In questi anni di pandemia, che sembrano – ma non sono! – già lontani, abbiamo imparato, se lo abbiamo fatto, se abbiamo voluto ascoltare e discernere, che la verità scientifica non può che essere «a tempo» e «al meglio delle attuali conoscenze»: ogni scoperta poggia su quella precedente, superandola, integrandola, a volte aprendo lo sguardo su una prospettiva che prima non avevamo potuto o non eravamo stati in grado di considerare: ci si erge sulle spalle dei giganti che ci hanno preceduti. Per chi ama le verità assolute e definitive, il metodo inaugurato da Galileo merita ancora processi, se non il rogo a Campo de Fiori: sui social si innalzano pire e si dà fuoco alla ragione.

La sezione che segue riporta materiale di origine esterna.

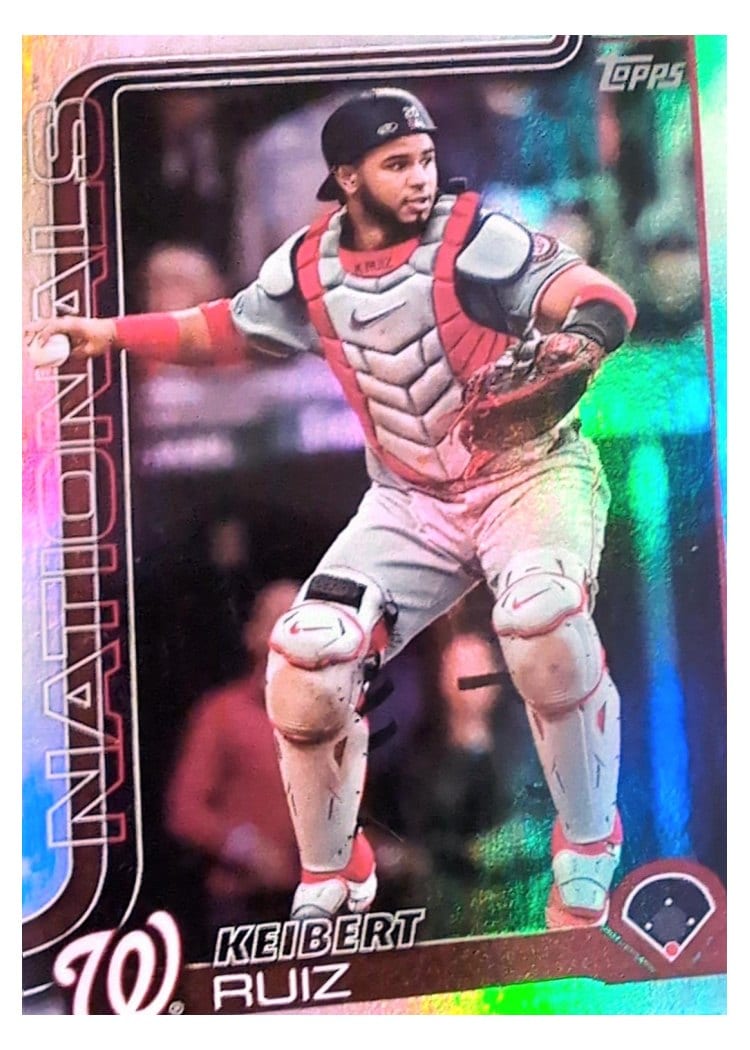 2025 Topps Base Set Keibert Ruiz #202 card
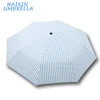 Logo Printed Promotional Custom Windproof Travel 8 Ribs Unbreakable Twill Design Folding Japanese Rain Umbrella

Per chi, invece, rimane curioso e aperto alla crescita della conoscenza, Quammen aggiunge una prospettiva inedita e di assoluto fascino: quel che possiamo discernere della verità deriva dall’ascolto di molte voci. Come ci ha insegnato Faulkner, come si legge in L’uro e il furore.
Che io non ho mai letto, ma che dopo la lezione di Quammen, posso finalmente rileggere.